Blog Post

Rendering PDF Files in the Browser with PDF.js

Illustration: Rendering PDF Files in the Browser with PDF.js

PDF files are commonly used in many businesses today — whether you want to generate sales reports, deliver contracts, or send invoices, PDF is the file type of choice. In an earlier post, we looked at a native solution that works on many browsers without the use of JavaScript or any third-party browser plugins.

In this tutorial, we’ll go a bit deeper and examine one of the most popular open source libraries for rendering PDF files in the browser: PDF.js. We’ll walk you through how to render a PDF and how to embed a PDF viewer in the browser, and at the end, we’ll discuss cases in which you should opt for a commercial Javascript PDF Viewer.
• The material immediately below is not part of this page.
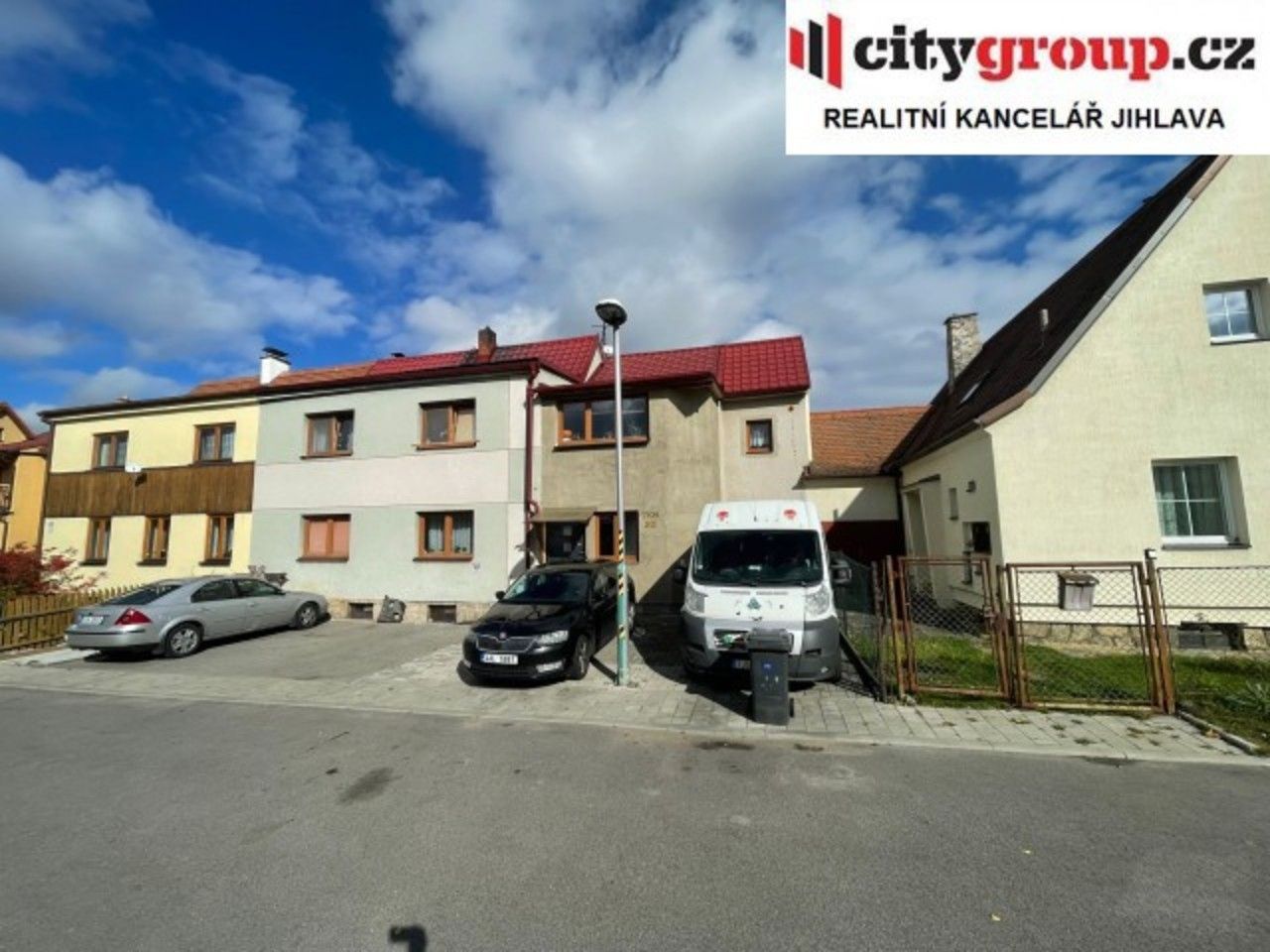 Prodej rodinný dům - Jihlava, 320 m²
Displaying a PDF in the Browser with PDF.js

PDF.js is a JavaScript library written by Mozilla. Since it implements PDF rendering in vanilla JavaScript, it has cross-browser compatibility and doesn’t require additional plugins to be installed. We suggest carefully testing correctness, as there are many known problems with the render fidelity of PDF.js.
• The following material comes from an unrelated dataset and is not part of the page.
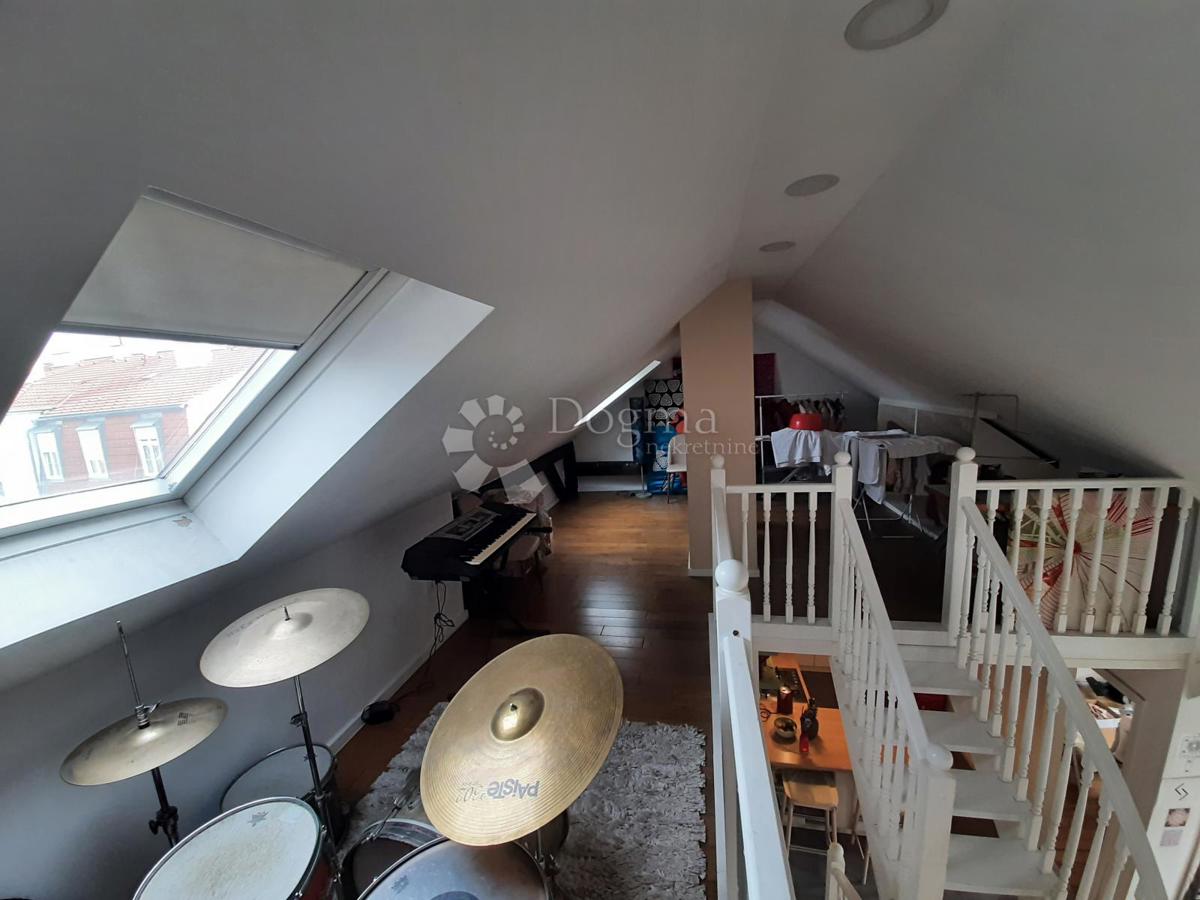 Allogio Donji grad, Donji Grad, 116m2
How Does PDF.js Handle PDFs?

With PDF.js, PDFs are downloaded via AJAX and rendered in a <canvas> element using native drawing commands. To improve performance, a lot of the processing work happens in a web worker, where the work of the core layer usually takes place.

PDF.js consists of three different layers:

  • Core — The binary format of a PDF is interpreted in this layer. Using the layer directly is considered advanced usage.

  • Display — This layer builds upon the core layer and exposes an easy-to-use interface for most day-to-day work.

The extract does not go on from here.